Im Juni 2019 ging das auf Wunsch des kosovarischen Justizministeriums um vier Monate verlängerte EU-Twinning-Projekt „Strengthening policy formulation and legislative drafting“ erfolgreich zu Ende. Während der Abschlussveranstaltung am 16. Mai in Pristina unterstrich der kosovarische Justizminister Abelard Tahiri nochmals die Bedeutung des Projekts für das große Ziel, der EU beizutreten. Das von der IRZ in Zusammenarbeit mit dem kosovarischen Justizministerium seit Oktober 2016 durchgeführte Projekt hatte eine Laufzeit von 32 Monaten und diente der Unterstützung des kosovarischen Justizministeriums u.a. bei der Rechtsharmonisierung und der Anpassung der Gesetzgebung in Einklang mit EU-Recht.

In den letzten Monaten der Projektlaufzeit lag ein besonderer Schwerpunkt auf der Unterstützung des Ministeriums bei der „Functional Review of the Rule of Law Sector“, einer groß angelegten Analyse des Justizsektors unter dem Blickwinkel des EU-Angleichungsprozesses. Aus der engen Zusammenarbeit mit dem kosovarischen Justizministerium gingen unter anderem verschiedene Gesetzentwürfe, wie zum Beispiel zum internationalen Privatrecht und zur zivilrechtlichen Rechtshilfe, sowie Kommentierungen zur strafrechtlichen Rechtshilfe hervor. Die Mitarbeiterinnen und Mitarbeiter des Ministeriums wurden überdies an konkreten Beispielen in Gesetzesfolgenabschätzung und Ex-post-Evaluation geschult. Ebenso fand zu den Themen Kommunikation und Öffentlichkeitsarbeit ein regelmäßiger Erfahrungsaustausch mit Expertinnen und Experten aus verschiedenen europäischen Staaten statt.

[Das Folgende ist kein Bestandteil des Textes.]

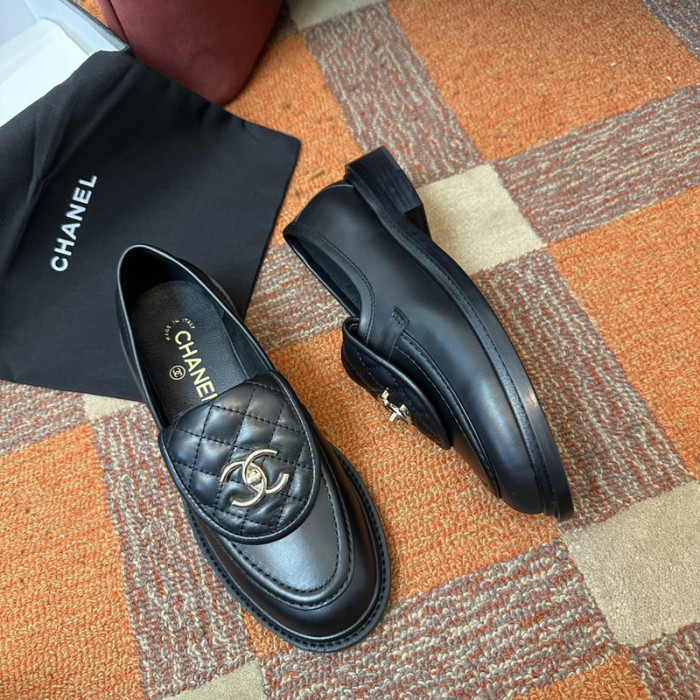 Ch**el loafer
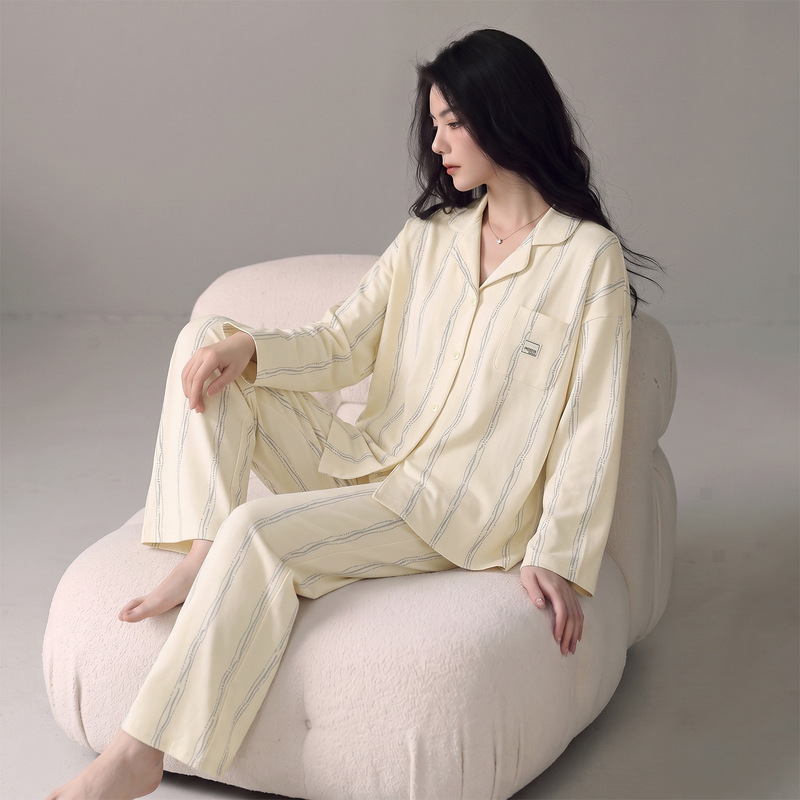Women's pure cotton cardigan pajamas with a lapel collar, long sleeves, and long pants, suitable for spring and autumn, loose-fitting, skin-friendly, and can be worn as loungewear; a two-piece set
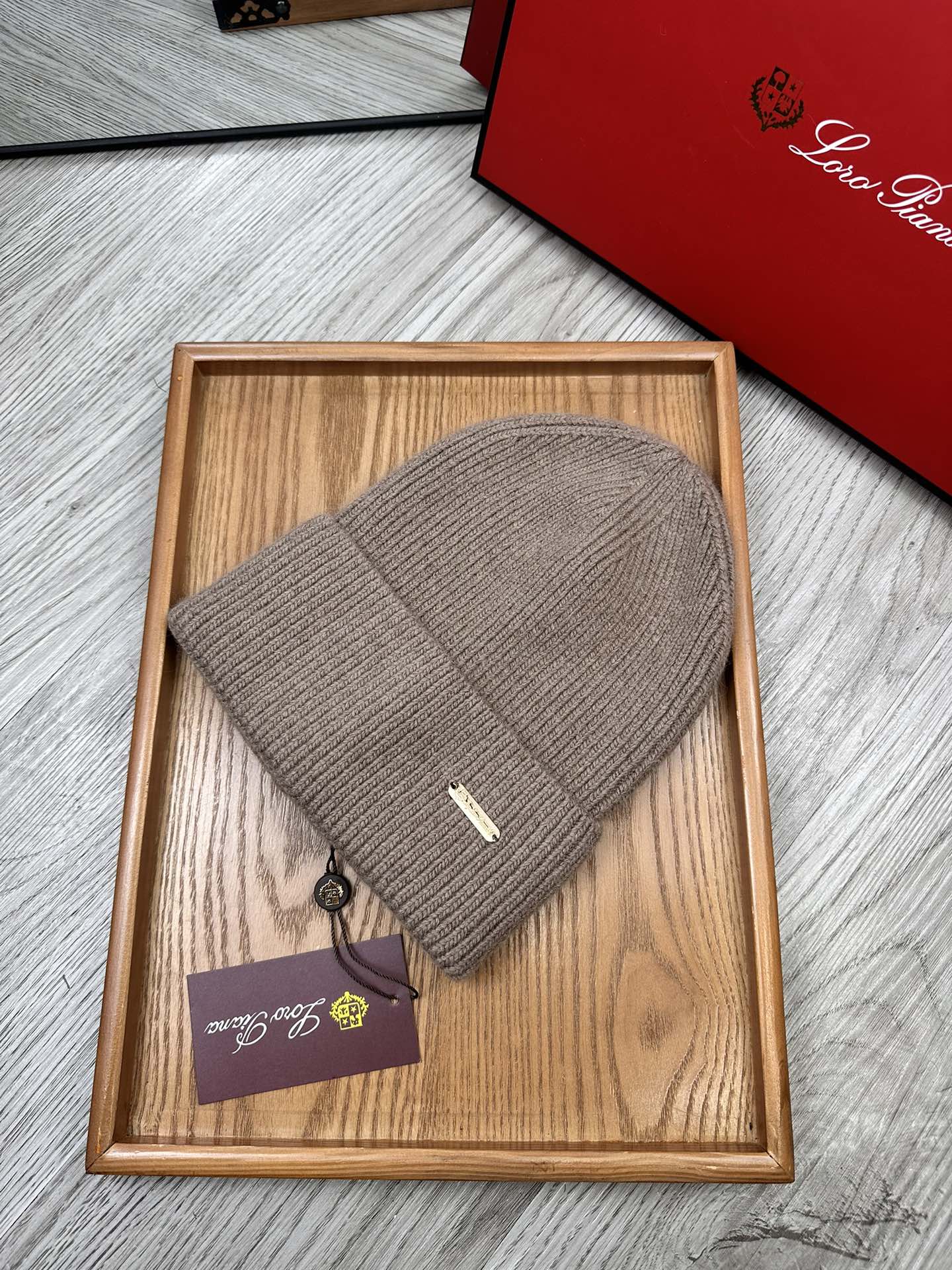 🌹。LP。【羊毛单帽】客供小羊毛！珍贵典藏的灵魂帽子！客供色纱.每个颜色都非常好看！经典！手感软腻.70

EU-Twinning-Projekt: Strengthening the Information and Privacy Agency in Kosovo

Im November 2019 erhielt die IRZ als Juniorpartner, gemeinsam mit dem lettischen Justizministerium, den Zuschlag für das EU-Twinning-Projekt „Strengthening the Information and Privacy Agency in Kosovo“. Mit Hilfe des Projekts sollen die Kapazitäten der kosovarischen Informations- und Datenschutzbehörde ausgebaut und das öffentliche Bewusstsein für den Datenschutz und der Zugang zu öffentlichen Informationen verbessert werden. Das Projekt hat ein Volumen von zwei Millionen Euro und eine Laufzeit von 30 Monaten. Der Start des Projekts ist für September 2020 geplant.

Ausblick

Die IRZ wird auch in 2020 die bewährte Kooperation mit ihren langjährigen Partnern fortsetzen. Dazu zählen insbesondere das Verfassungsgericht, das Oberste Gericht sowie das Justizministerium. Daneben will die IRZ auch mit dem KPC und im Bereich Jugendstraf- und Strafvollzugsrecht mit UNICEF Kosovo weiter zusammenarbeiten. Abzuwarten bleibt hier jedoch, inwiefern das geplante Kosovo-Grant-Projekt diese Themen abdeckt, um eine Doppelung der Aktivitäten zu vermeiden. Insofern verfolgt die IRZ in Kosovo auch 2020 einen flexiblen und auf die Bedürfnisse des Landes ausgerichteten Ansatz, der den nachhaltigen und vertrauensvollen Austausch mit den kosovarischen Institutionen in den Mittelpunkt stellt.